Other sites will give you all the political trivia, such as the inaugeration and the war on terror and how many billions the president will want to spend on any given day. But you should check here periodically for the really important Obama Watch stuff. On the negative side today, the president intends to commit an atrocity, and if he truly wants to connect with ordinary Americans, he should reconsider:
Obama's stated ambition to replace the White House bowling alley with a basketball court puts an official stamp on a long-term cultural shift. Football, the ascendant national pastime since at least the late 1950s, has been eclipsed by basketball. And the tedious tradition of White House athleticism has turned a new corner.
[. . .]
The president's dismantling of the Nixon-installed bowling alley may resemble sour grapes from a scrub who famously rolled a 37 at Altoona's Pleasant Valley lanes before the 2008 Pennsylvania primary. It is more than that. John F. Kennedy's inspiration in the 1960 election was to see through the truism that baseball was still the national pastime.
I take no position as to the merits of basketball or football or baseball as the national pastime. Fads come and go, and all such sports involve spoiled athletes paid enormous sums of money to perform for fat, couch-potato wannabes. But bowling is a participatory sport open to Americans of varying skill and commitment. Exactly what is Obama trying to symbolize by removing the bowling lane? If Red State and Blue State can come together, as the president seems to believe, and if white and black can move to a post-racial America, cannot bowling and basketball coexist? Put the damn court someplace else and leave the lane alone, or else don't even think about inviting me to the White House, mister.
On the other hand, the man does seem to enjoy a good chili dog, and he certainly knows how to eat one. You don't get prissy and have your napkin ever ready to wipe the stains from your face. You just light into it, etiquette be damned. I don't know if he plans to have such fare on the regular First Family menu (with two young daughers, there at least ought to be a lot of pizza), but if he does, you know where such food is good? At the bowling alley!

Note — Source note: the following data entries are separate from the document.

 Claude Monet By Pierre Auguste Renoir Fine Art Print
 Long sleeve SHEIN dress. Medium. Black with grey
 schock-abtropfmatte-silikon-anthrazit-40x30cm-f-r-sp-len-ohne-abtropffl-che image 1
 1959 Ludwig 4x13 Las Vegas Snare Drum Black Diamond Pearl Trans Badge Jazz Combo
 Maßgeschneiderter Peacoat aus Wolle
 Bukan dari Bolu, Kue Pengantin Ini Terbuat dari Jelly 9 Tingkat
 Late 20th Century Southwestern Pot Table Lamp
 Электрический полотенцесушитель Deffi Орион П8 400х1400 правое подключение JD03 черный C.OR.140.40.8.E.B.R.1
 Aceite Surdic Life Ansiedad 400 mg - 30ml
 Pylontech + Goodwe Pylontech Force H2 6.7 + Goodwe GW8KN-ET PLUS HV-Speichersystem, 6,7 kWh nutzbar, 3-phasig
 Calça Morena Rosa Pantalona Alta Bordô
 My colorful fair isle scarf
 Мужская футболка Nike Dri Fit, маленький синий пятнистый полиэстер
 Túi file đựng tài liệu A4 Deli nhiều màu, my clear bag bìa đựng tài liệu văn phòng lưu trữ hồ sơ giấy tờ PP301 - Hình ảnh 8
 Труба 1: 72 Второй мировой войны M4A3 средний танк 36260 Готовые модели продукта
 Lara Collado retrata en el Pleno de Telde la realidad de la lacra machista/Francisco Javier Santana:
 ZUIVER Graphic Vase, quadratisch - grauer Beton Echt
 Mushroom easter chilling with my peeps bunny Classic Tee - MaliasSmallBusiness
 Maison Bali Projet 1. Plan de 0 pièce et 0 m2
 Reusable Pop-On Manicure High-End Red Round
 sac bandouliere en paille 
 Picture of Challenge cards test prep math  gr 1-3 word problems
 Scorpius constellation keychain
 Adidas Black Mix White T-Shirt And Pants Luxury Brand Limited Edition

Now, one I'm neutral on. One of the Obamaphobes over at The Corner, noting that Obama is forever going on about the "the enormity" of the problems we face and "the enormity" of the task he's undertaking, says, "I wish the president-elect would learn the meaning of the word 'enormity.' " It is true that in recent linguistic history (not always, but recently), "enormity" has carried a negative moral judgment, as in "the enormity of Hitler's evil"; it hasn't been merely another word for gigantic or enormous. But it's been used that way so often that dictionaries have taken note of it -- it's the No. 3 meaning now at Random House. Words change. Get over it.